On remarque que la fin se répète et donc ne cesse pas de finir : Rimbaud n’empêche pas Mallarmé, au contraire, en quelque sorte, il l’engendre, la névrose obsessionnelle de Proust laisse le champ libre à la paranoïa de Céline. La fin n’est pas point final, mais point de suspension voué à ce que quelque chose de neuf émerge. Par ailleurs, en littérature française, elle traverse les genres : deux fois consumée en poésie, deux fois dans le roman : à proprement parler, elle est l’horizon du transgénérique. Ce dernier, tout comme la transrhétorique, se prononce en toute logique sur fond de transhistoire. Si les histoires recommencent et se mêlent, alors les rhétoriques et les genres, qui nous viennent en Europe des Grecs doivent eux aussi s’entrelacer dans de nouvelles combinatoires, voir même se dissoudre en mutations inédites : « Les rhétoriques traditionnelles pourraient être envisagées comme le splendide effort de l’être-racine pour se confirmer comme Être. – La Relation, imprévisible, ne conçoit pas de rhétorique. Là où l’écrit fréquentait la transcendance et tentait d’illustrer l’Être, l’oral-écrit-oral multiplie l’ouverture et la trace dans l’impromptu ardent du monde, qui est la seule forme de sa permanence. – Le Chaos-monde, imprévisible, démultiplie les rhétoriques. Aussi bien, un système ne se conçoit-il, dans un tel contexte, qu’à la condition qu’il comprenne toutes les rhétoriques envisageables et aussi tous les possibles d’une transrhétorique non-universalisante. » (TTM 114)

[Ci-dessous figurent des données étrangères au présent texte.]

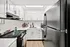 Modern kitchen with sleek white cabinets, black appliances, and stylish wood flooring, offering a bright and inviting cooking space.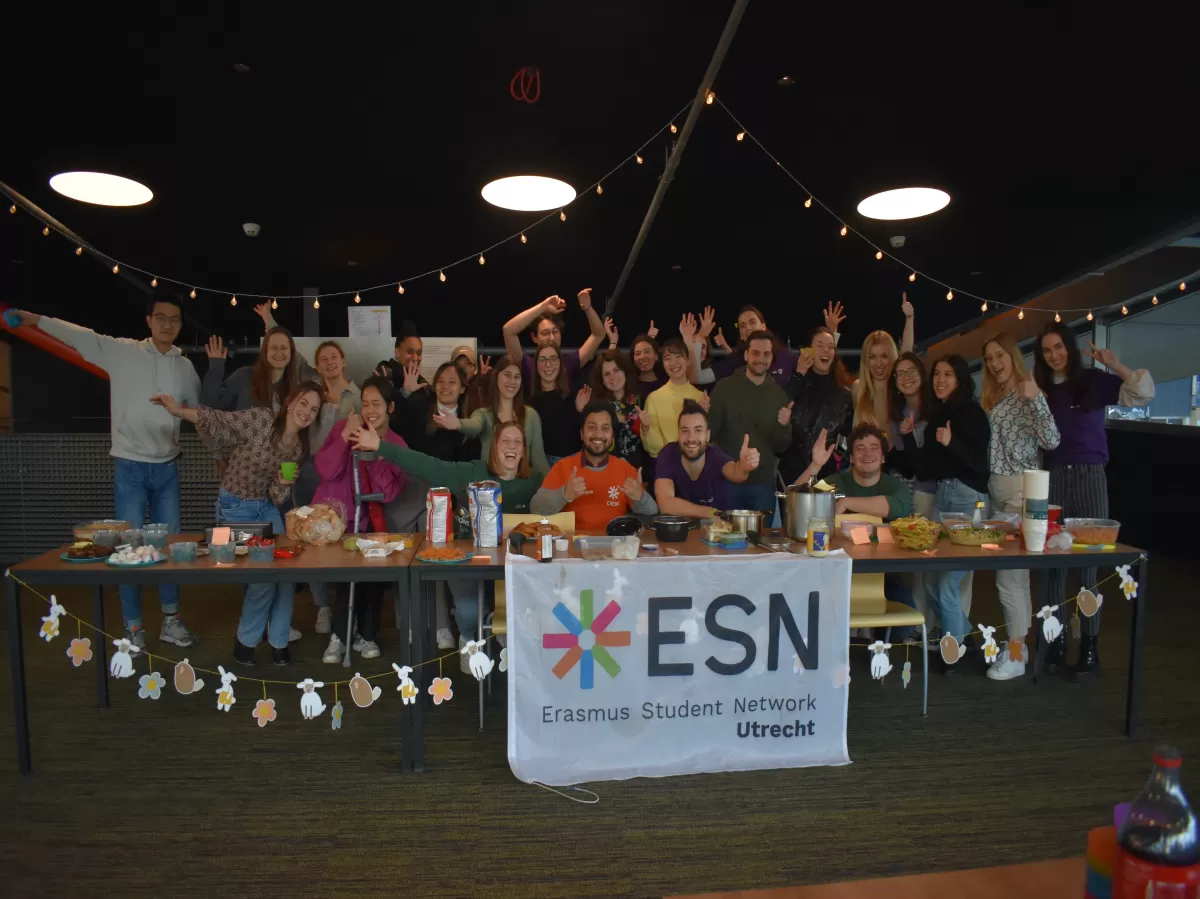 The image displays a group of people behind table full of different dishes. There is an ESN Utrech flag in the front.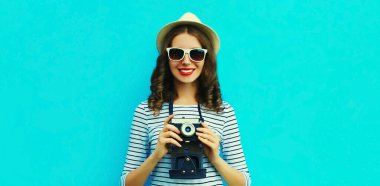 Mutlu gülümseyen genç kadın fotoğrafçının renkli mavi arka planda klasik film kamerasıyla yaz portresi.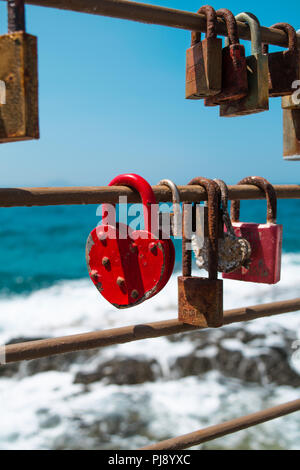 Amore Rosso blocca il lucchetto con lucchetti arrugginiti e mare in background Foto Stock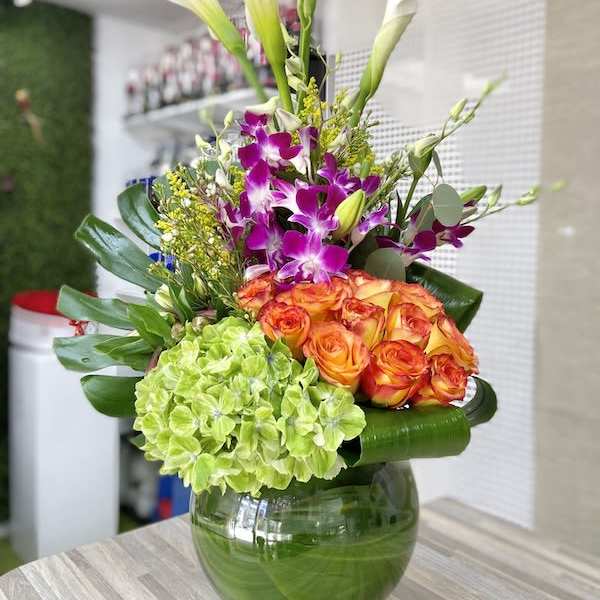 Tall mixed arrangement with calla lilies, orchids, roses, and hydrangea in a leaf-lined glass vase.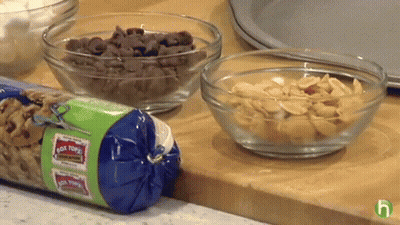 Bag Of Rock N Rolls Beside Bowls Of Food GIF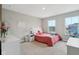 Bedroom with two large windows, neutral walls, and a pink quilt with white furniture at 1945 Clement St, Westfield, IN 46074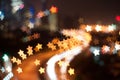 Blur image of Kuala Lumpur city, star bokeh shape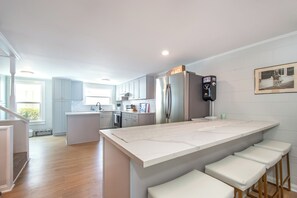 A modern kitchen with a central island, bar stools, and a refrigerator with a parking permit holder. - No Pier Pressure / 3 Min Walk to Beach / Sleeps 11 (Atlantic Beach)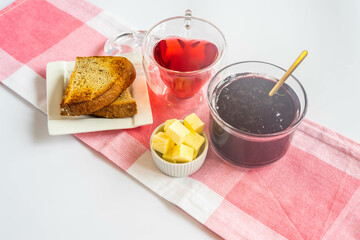 Breakfast with cranberries, butter, toast and red hot tea in a heart shaped cup, and yellow roses in a green vase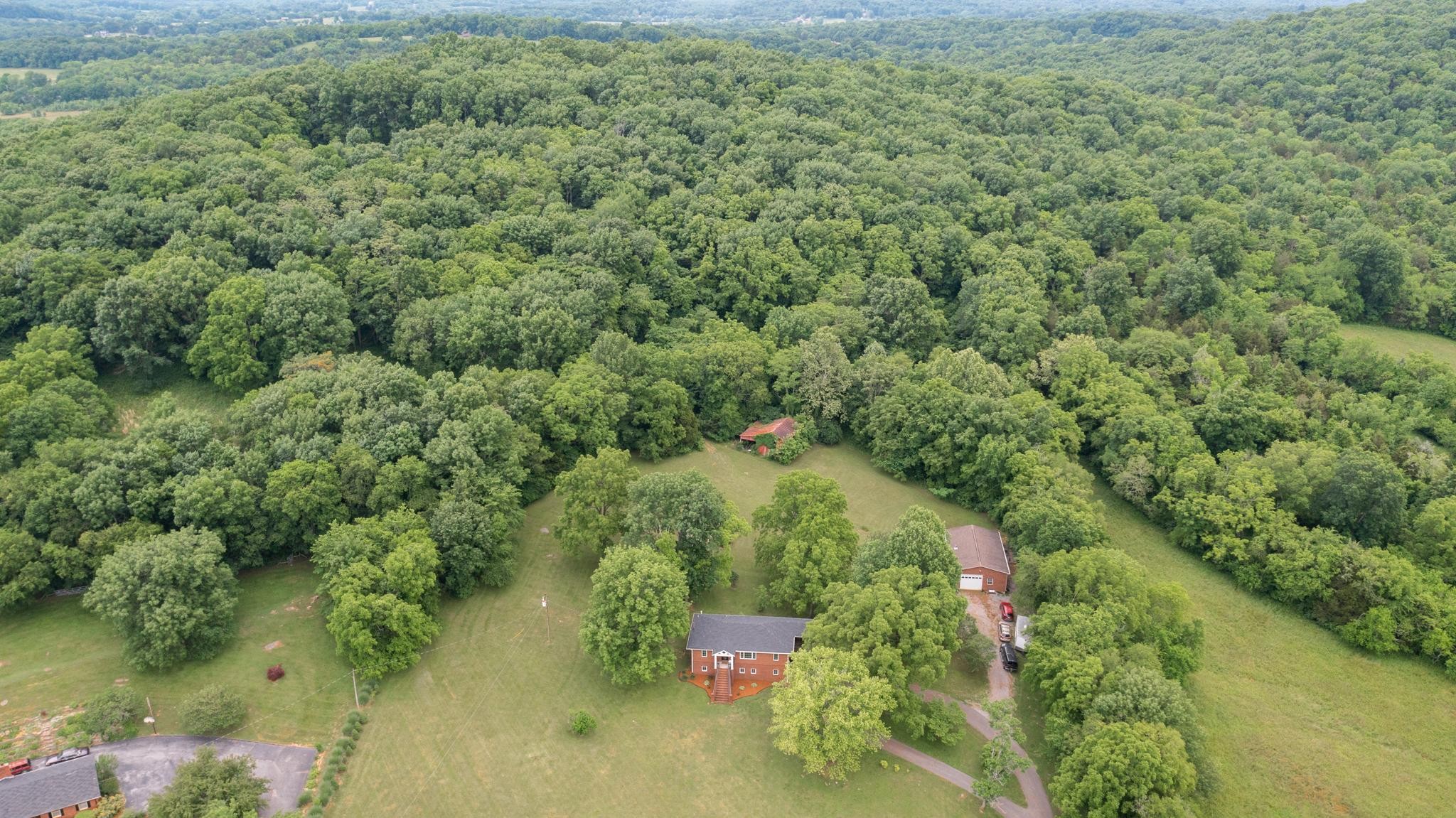 5252 Cainsville Road Lebanon, TN 37090 - Photo 42 of 45 an aerial view of a house with a yard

Le roman est épuisé (par Proust et Céline) en Europe occidentale, la poésie ne peut plus rien dire (par Rimbaud et Mallarmé) en Europe occidentale. Soit : alors vient l’aube où l’Europe doit se ressourcer, aux autres histoires et littératures, certes, mais aussi dans une redécouverte de sa propre source, les présocratiques et les sophistes.

« Or il y a de l’aube, malgré tout l’avant-jour s’annonce, incroyablement il est explicable, les matins se lèvent de partout. » (PhR 85)

Édouard Glissant a dessiné la figure poétique de ces nouvelles aubes, où de multiples chouettes vont prendre leur essor.

 

 

 

 

 

[1] Nitezsche, Zarathoustra, Prologue, 5

[2] Trois poèmes de Rimbaud sont repris dans l’Anthologie du Tout-Monde : Les Assis, poème du crépuscule, L’éclair d’Une Saison en enfer (« Ma vie est usée »), Génie des Illuminations (« C’est cette époque-ci qui a sombré! »)

[3] Seul poème de Mallarmé repris dans l’Anthologie du Tout-Monde.

[4] La recherche du temps perdu, Paris, Pléiade 1989, IV, p. 615.